Instantiating an entity bean This example instantiates an entity bean that represents a customer credit account. The primary key structure has two members: custName is a string and creditType is also a string. The example looks for a customer named Morry using the findByPrimaryKey method. CtsComponents::FinderException can be thrown to indicate that the requested entity does not exist. In this case, the example calls a create method to create a new entity.

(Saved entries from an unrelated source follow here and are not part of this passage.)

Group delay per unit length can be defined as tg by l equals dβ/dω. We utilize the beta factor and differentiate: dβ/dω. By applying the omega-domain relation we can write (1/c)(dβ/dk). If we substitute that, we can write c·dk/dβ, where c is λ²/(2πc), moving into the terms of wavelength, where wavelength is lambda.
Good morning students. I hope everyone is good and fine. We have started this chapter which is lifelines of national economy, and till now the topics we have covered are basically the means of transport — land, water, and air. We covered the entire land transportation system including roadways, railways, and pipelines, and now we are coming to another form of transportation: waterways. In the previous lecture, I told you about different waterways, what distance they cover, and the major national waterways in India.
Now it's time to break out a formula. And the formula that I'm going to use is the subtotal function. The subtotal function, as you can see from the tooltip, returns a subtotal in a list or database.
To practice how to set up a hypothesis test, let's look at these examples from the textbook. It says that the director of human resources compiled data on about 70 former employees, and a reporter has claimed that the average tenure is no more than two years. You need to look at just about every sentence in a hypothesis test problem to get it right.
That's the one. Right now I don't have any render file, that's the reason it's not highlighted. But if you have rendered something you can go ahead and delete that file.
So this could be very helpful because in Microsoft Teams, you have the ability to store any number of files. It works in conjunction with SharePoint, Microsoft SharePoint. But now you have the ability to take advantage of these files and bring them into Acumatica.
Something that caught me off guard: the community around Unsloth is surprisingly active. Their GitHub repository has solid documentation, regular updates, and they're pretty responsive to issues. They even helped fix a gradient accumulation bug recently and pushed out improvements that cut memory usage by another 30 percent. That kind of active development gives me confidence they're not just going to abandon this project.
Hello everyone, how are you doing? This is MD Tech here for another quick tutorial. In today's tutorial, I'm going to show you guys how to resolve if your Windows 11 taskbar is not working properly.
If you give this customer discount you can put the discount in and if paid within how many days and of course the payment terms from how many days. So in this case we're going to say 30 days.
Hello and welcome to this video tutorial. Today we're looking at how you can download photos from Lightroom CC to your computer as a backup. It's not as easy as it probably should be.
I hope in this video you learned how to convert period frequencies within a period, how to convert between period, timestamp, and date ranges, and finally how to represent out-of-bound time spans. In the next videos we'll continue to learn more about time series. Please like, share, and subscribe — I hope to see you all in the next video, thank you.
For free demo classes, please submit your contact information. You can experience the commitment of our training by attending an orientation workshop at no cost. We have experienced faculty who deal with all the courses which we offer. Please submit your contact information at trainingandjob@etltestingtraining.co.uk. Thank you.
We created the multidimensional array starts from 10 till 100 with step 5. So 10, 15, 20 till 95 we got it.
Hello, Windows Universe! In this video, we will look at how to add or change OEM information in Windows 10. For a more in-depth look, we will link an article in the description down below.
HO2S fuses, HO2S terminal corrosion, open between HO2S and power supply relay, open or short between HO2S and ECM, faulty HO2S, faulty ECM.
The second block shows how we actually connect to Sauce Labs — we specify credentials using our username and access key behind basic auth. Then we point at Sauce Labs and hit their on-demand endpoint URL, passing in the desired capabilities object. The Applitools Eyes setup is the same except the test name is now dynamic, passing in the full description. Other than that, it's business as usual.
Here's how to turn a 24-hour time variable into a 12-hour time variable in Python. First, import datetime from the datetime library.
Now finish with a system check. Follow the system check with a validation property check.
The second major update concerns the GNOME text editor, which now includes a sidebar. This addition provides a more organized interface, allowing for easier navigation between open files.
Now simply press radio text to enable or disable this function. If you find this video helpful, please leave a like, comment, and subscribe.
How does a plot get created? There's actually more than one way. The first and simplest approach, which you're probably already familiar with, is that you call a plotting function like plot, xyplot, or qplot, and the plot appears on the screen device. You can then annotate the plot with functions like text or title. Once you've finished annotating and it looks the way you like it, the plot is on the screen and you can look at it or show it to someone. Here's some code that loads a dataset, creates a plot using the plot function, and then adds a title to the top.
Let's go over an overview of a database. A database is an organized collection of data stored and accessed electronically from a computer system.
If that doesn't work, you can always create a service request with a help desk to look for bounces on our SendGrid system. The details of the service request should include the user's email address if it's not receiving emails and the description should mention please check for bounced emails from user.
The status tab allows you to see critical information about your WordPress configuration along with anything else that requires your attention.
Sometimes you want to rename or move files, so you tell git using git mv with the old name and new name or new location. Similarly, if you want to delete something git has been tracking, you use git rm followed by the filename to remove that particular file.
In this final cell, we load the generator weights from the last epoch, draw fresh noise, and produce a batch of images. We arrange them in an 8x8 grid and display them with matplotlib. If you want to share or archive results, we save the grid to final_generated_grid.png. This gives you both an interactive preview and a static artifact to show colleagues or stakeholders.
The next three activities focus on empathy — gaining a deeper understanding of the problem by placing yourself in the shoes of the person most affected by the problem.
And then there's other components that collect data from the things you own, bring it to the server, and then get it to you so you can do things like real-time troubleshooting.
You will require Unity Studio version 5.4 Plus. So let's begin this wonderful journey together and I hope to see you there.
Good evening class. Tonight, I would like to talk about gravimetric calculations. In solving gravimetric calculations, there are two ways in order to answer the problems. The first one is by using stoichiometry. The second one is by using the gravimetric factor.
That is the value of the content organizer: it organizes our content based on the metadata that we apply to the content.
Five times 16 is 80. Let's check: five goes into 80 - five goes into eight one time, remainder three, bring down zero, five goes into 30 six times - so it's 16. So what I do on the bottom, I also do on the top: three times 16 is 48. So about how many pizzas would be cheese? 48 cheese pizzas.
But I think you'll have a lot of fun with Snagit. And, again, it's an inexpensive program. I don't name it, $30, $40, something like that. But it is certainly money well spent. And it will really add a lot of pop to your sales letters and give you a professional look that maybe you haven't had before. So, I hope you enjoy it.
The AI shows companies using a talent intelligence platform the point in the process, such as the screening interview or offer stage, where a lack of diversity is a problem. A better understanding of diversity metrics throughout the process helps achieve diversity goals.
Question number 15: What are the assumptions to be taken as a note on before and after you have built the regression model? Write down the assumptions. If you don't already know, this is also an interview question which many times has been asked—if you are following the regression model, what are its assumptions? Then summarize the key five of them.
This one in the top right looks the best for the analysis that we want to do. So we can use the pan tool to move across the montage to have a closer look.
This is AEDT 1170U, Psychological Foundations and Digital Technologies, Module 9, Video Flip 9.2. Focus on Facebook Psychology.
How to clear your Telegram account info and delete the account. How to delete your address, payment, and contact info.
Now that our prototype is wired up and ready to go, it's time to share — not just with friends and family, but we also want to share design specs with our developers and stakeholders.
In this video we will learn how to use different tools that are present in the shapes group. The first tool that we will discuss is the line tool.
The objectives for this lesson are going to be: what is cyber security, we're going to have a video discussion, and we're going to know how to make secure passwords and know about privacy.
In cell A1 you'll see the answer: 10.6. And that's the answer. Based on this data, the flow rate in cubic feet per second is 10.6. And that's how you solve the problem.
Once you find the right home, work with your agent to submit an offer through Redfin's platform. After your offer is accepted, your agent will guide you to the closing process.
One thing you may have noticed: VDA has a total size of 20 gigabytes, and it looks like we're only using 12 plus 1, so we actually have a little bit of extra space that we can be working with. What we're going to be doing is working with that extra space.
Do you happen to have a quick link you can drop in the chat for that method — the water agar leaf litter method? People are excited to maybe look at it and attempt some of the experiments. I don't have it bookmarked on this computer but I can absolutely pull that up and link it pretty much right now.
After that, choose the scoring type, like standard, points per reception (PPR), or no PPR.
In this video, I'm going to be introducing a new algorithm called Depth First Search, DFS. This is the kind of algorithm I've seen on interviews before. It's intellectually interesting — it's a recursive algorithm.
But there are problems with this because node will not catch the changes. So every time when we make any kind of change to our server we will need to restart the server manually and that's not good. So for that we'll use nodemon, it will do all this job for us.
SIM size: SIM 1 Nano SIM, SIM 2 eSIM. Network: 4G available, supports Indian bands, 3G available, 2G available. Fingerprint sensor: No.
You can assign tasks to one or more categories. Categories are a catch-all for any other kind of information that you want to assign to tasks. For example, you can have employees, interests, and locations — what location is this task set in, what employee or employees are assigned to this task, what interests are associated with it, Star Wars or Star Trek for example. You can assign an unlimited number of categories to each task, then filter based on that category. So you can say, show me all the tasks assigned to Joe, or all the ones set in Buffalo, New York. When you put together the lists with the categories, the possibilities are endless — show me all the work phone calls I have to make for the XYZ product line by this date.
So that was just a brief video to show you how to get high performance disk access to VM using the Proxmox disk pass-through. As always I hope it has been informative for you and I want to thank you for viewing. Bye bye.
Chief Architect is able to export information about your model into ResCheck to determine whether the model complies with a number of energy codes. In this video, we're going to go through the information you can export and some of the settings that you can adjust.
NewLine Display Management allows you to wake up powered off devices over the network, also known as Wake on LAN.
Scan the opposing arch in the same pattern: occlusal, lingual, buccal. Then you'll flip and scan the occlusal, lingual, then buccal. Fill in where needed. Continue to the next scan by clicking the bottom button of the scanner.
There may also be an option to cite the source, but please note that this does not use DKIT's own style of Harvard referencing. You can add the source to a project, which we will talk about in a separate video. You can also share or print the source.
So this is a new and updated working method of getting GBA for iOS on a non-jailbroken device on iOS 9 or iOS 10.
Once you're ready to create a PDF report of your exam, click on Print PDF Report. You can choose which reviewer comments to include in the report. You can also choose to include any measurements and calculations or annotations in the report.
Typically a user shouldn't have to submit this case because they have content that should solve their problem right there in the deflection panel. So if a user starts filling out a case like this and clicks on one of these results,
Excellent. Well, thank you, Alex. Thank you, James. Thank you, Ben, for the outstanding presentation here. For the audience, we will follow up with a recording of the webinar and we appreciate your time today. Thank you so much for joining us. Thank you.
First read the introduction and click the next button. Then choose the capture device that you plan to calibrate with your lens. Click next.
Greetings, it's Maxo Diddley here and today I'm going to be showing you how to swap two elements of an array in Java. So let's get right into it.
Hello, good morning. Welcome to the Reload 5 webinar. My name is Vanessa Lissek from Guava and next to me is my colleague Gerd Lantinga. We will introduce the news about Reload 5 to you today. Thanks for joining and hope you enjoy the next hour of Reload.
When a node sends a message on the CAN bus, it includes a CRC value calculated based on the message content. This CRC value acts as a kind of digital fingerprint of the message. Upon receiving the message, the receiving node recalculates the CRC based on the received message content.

// Obtain an instance of the remote interface. First check 
// to see if the requested customer exists. If not, create
// a new entity.
String _custName = "Morry";
custCreditKey custKey = new custCreditKey();
custKey.custName = _custName;
custKey.creditType = _creditType;
custMaintenance cust;

try 
{
    System.out.println("Looking for customer " + _custName + " ...");
    cust = custHome.findByPrimaryKey(custKey);
} 
catch (CtsComponents.FinderException fe) 
{
    System.out.println("Not found. Creating customer " + _custName + ".");
    try 
    {
        cust = custHome.create(_custName, 2000);
    } 
    catch (FinderException fe) 
    {
        System.out.println("Error: could not create customer " + _custName);
    }
}

Serializing and deserializing instance references

An EJB client can obtain a handle for a remote interface instance. The handle is a binary encoding of the session state between the client and the EJB component. The client can obtain a handle, save it to disk or mail it to another location, then reestablish the session at a later time.

In a CORBA client, you can obtain the same functionality using the Orb.object_to_string and Orb.string_to_object methods. The same restrictions apply when deserializing EJB component proxies as apply to any other remote object. See Chapter 12, “Creating CORBA Java Clients” for details.